Today I learned that Riak, a distributed database based on Amazon's Dynamo, is written in Erlang. This is really cool because I personally have some experience with Apache Cassandra, which is another Dynamo-like distributed database written in Java. Specifically, when I worked with Cassandra, I encountered multiple concurrency bugs that were very difficult to track down and sometimes quite insidious. That's not to fault the writers of Cassandra; it is a complex, multithreaded system that has a lot of moving parts, which is exactly the type of code that led me to write about the difficulty of multithreading. Being written in Erlang, however, Riak should be able to escape some of the reliability issues that arise when dealing with shared, mutable state in Java. I am particularly curious if Riak is more stable than Cassandra, but this information seems hard to come by.

I did stumble across this blog post evaluating the choice of Erlang for Riak five years later. The folks at Basho (company behind Riak) seem to be happy with it, and their rationale for choosing Erlang lines up pretty well with my expectations. Two of the more interesting benefits they describe are that "a 'many-small-heaps' approach to garbage collection would make it easier to build systems not suffering from unpredictable pauses in production" and "the ability to inspect and modify a live system at run-time with almost no planning or cost." The former hits home again with my Cassandra experience, as Java garbage collection on a 16GB heap is not nearly as predictable as one would hope, and the latter is certainly valuable for fast-paced startups and the (in)famous "move fast, break things" philosophy. In the end, I am just happy to see that there are startups out there who have sought alternatives to the concurrent programming hell and built some neat systems as a result of it.
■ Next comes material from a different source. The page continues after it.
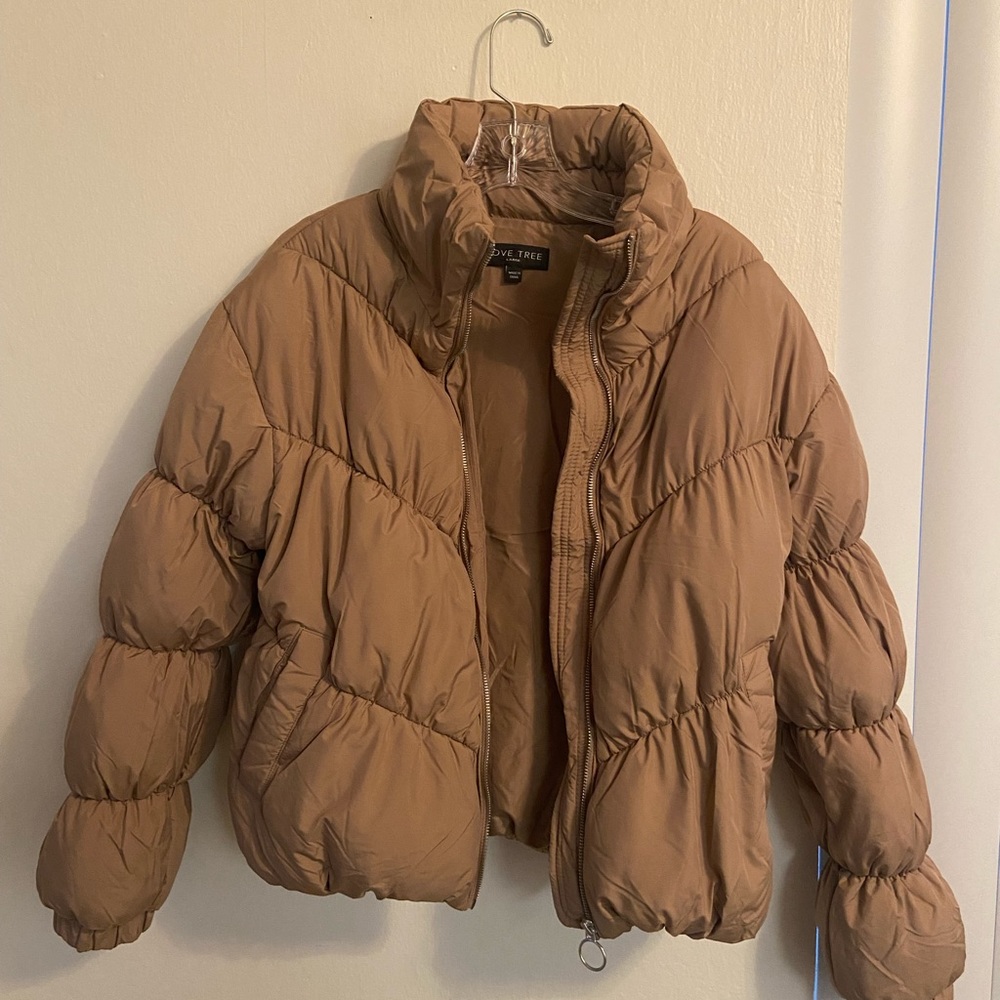 Love tree puffer jacket juniors size Large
Tuesday, September 17, 2013


One of the core principles of designing good software systems is composability, the idea being that it should be easy to combine and reuse different components. This has all sorts of benefits, but one of the most important is that it becomes possible for programmers to understand a complex codebase as the composition of simple parts and their interactions. Without some degree of composability and modularity, it would not be possible to build reliable systems over the course of years involving hundreds of engineers because the code simply becomes too complex to understand. Fortunately, people have gotten better at doing this, and a key part of making components easy to compose is the concept of idempotence. It is the simple idea that, when possible, functions should be written in such a way that when you call them multiple times in succession with the same arguments the result does not change. For example, putting a value in a set is idempotent while appending to a list is not since in the latter case the list will keep growing with each append.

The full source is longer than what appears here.